Although cast off by MARC, the 16-year-old engines are newer than all but two of the MBTA's 82 engines, more than half of which date to the 1970s and nearly all of which are at or past the manufacturer's recommended lifespan of 25 years.

"We're excited," Davey said, before applying the decal this morning on a locomotive that would make its maiden MBTA run pulling a five-coach train on the 11:20 a.m. to Newburyport. "While not new, these are much newer than what we have."

The locomotives will help bridge the gap until the 20 new ones begin arriving in 2013, Davey said. The T began searching for temporary engines this winter during a particularly poor season for the commuter rail, with more than one out of every four trains delayed in January and February.

About half of all commuter rail delays are caused by mechanical failure, with nearly all the problems coming from the engines, not the coaches. And more than half of those come from the most decrepit 18 engines in the fleet, known as F40PH-2s, which the T is trying to retire.
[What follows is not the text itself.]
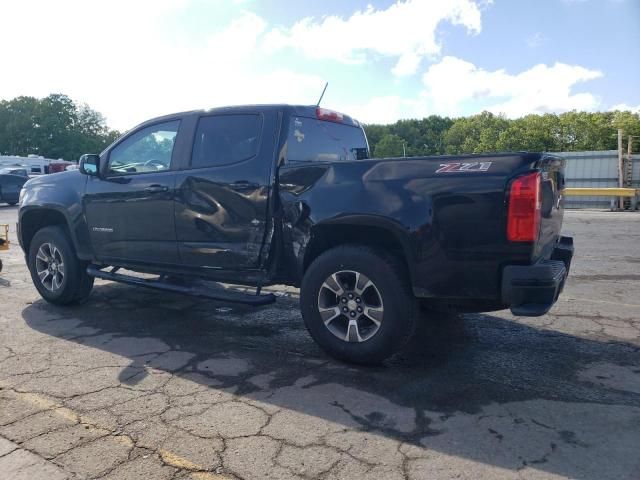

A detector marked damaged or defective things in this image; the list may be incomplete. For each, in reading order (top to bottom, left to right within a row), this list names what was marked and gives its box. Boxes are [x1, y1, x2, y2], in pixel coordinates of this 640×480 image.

cracked asphalt pavement [1, 207, 640, 480]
The leased engines are GP40WH-2s built in 1995 by a corporate predecessor to MotivePower Inc., the Idaho company that the T is paying to build its new locomotives. (The T is paying another $8.7 million atop that sum to a team of consultants, including Parsons Brinckerhoff, to serve as its representative and provide quality assurance on the deal.)

When five of the old Maryland engines arrived in Worcester earlier this month, the T was not quite sure what it would get. After the T had a chance to "kick the tires," three were deemed fit for service, Davey said; of the other two, one was sent back to MotivePower at no charge and another is being kept for spare parts, at a price to be negotiated.

The engine was admittedly not much to look at, speckled with grime and rust. The T stripped off the MARC logo, but faint hints of it could still be seen, including the ghosted slogan "Maryland With Pride," near where Davey placed the T logo. The red stripes of MARC were still in place, against a blotchy gray background. But the important thing is that it works, he said.

"I said, 'Don't worry about the paint. Just take MARC off and get it in service,'" Davey said. "We need it right away."